SUBWAY Restaurants “Eat Fresh!” slogan may need to be changed to “Pay Right.” This week the U.S. DOL – Wage and Hour Division announced it is partnering with the national SUBWAY headquarters for the purpose of increasing compliance with federal labor laws at SUBWAY franchises throughout the country. This is a voluntary action by SUBWAY headquarters, and is not tied to any claims. SUBWAY headquarters has indicated they are committed to assisting the Wage and Hour division in educating franchisees on wage and hour laws, and are taking a proactive approach to assist their goal:

(1) By placing a link to the Wage & Hour Division’s website on their intranet site for restaurant owners to use for reference purposes;
(2) By inviting Wage and Hour division staff to present at its annual meetings; and
(3) Publishing articles outlining federal minimum wage and overtime requirements under the Fair Labor Standards Act in its weekly electronic newsletters.

This is a good business practice by SUBWAY, because employers found in violation of the FLSA can be subject to claims for back wages, damages, and penalties. Other national franchisors should take a hint from SUBWAY, and contact the Wage and Hour Division to ask for assistance in training their franchisees on federal labor laws. Being proactive can save time and money in the long run.

This isn’t the first time I’ve blogged about the importance of making sure your employees are properly compensated under the Fair Labor Standards Act (FLSA), you can find those stories here, here, and here.  Now, it seems that restaurants are on the Department of Labor’s hot seat. 

The Minneapolis District Office for the Wage and Hour Division of the Department of Labor has resolved an investigation involving the Wisconsin Meyer’s Family Restaurant. The Meyer’s Family Restaurant has agreed to pay over $116,000 in back wages to 38 employees. The company was cited for failing to record all hours worked by employees, failing to pay overtime compensation, paying cash for some hours of work and keeping no record of the hours worked or the cash payments made, and keeping no record of tips received.

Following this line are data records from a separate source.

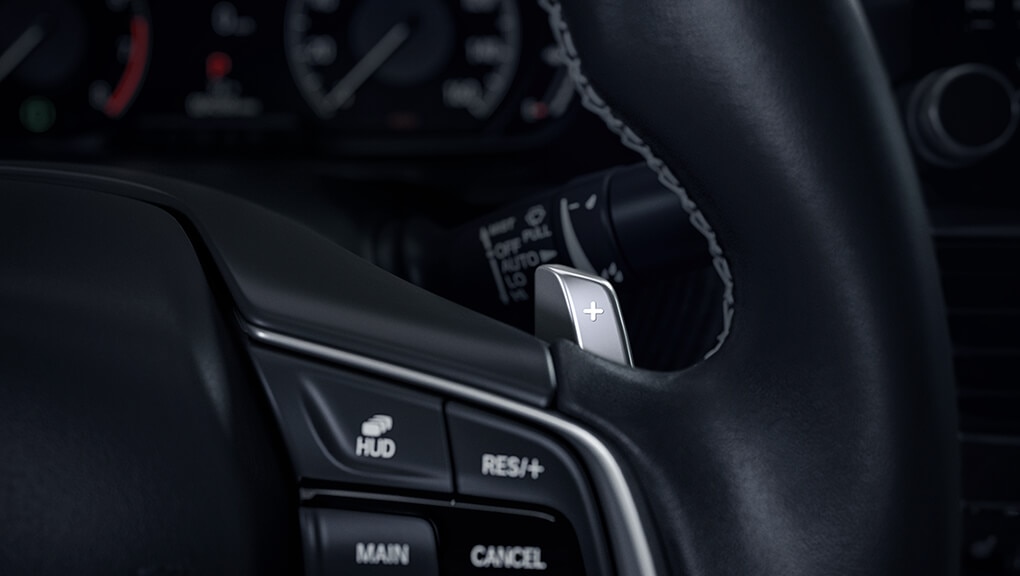 Image of 2020 Honda Accord Sedan paddle shifter.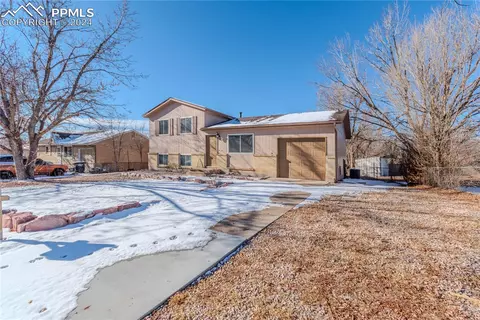 206 Milton Dr, Colorado Springs, CO 80910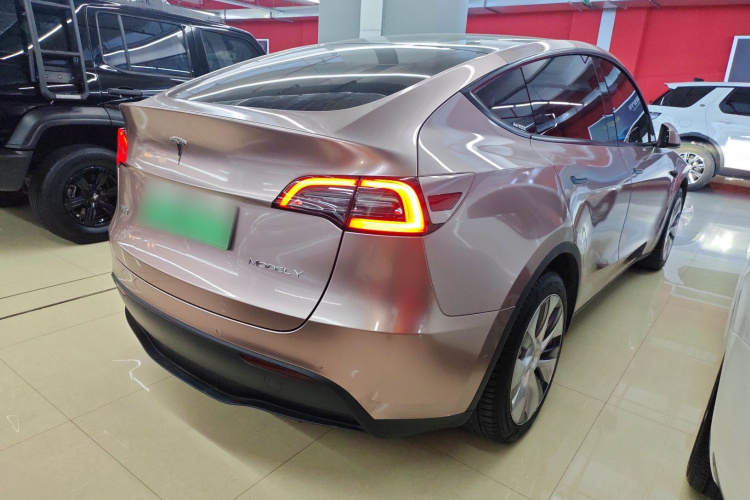 特斯拉 Model Y 2022款 改款 后轮驱动版车身外观7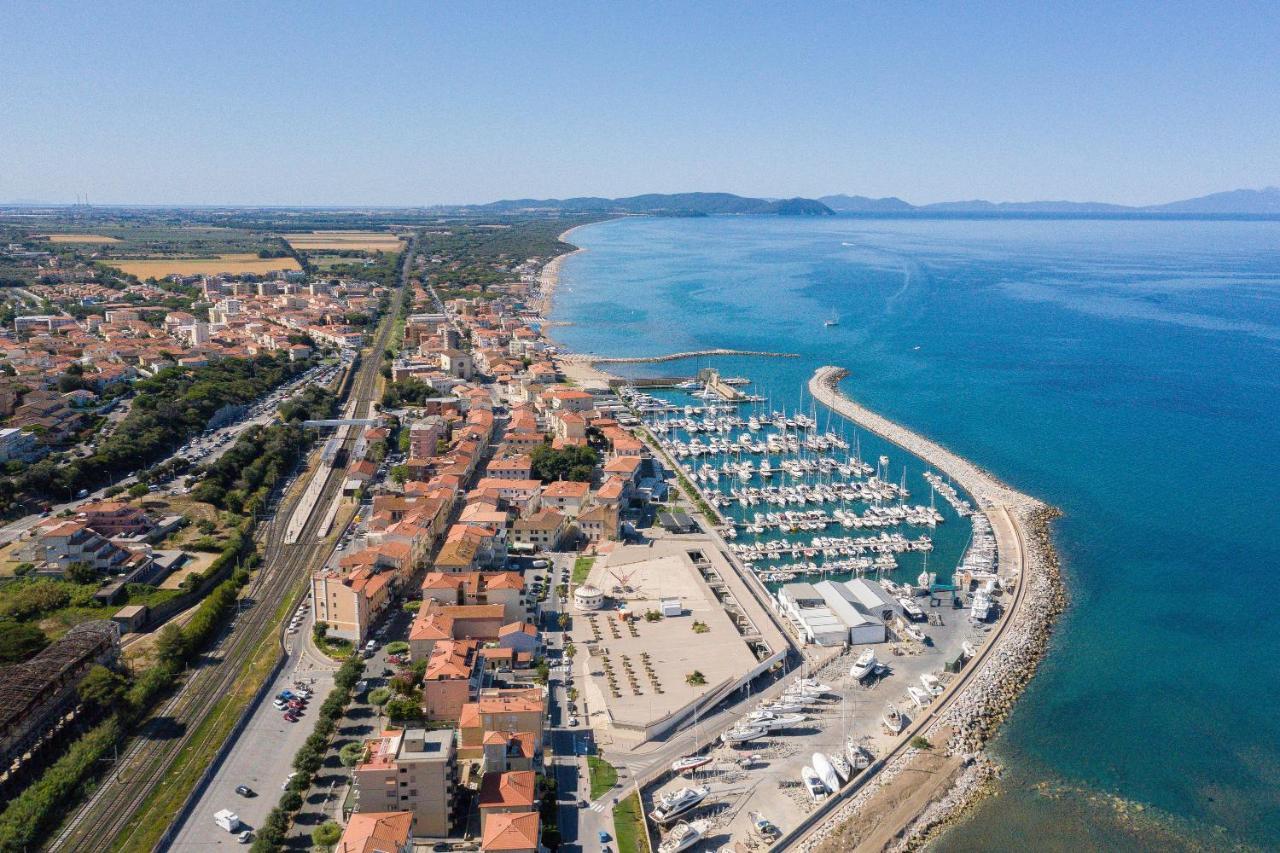 Brezza Marina Apartment San Vincenzo Luaran gambar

The FLSA has established a federal minimum wage of $7.25/hour for all hours worked, plus time and one-half for hours worked beyond 40 hours per week. However, an employer of a tipped employee is only required to pay $2.13/hour in direct wages, provided the amount the employee receives in tips equals the federal minimum wage. If the employee’s tips combined with the employer’s direct wages do not equal the minimum wage of $7.25/hour, the employer is require to make up the difference.

On the east coast, 15 Boston-area restaurants and their owners have agreed to pay a total of $424,000 in back wages and liquidated damages to 409 employees, to resolve alleged violations of the FLSA. Most of the employees affected were paid by a separate company, Superbrite Professional Cleaning (later known as Excel Management). George Rioux, the district director for the Boston – Wage & Hour Division stated, “Utilizing contract labor providers does not absolve employers from their responsibility of complying with the FLSA and paying workers the wages they are legally due.” Generally, the use of contract labor through an employment agency does not generate a FLSA problem as long as the agency is properly compensating the contract labor.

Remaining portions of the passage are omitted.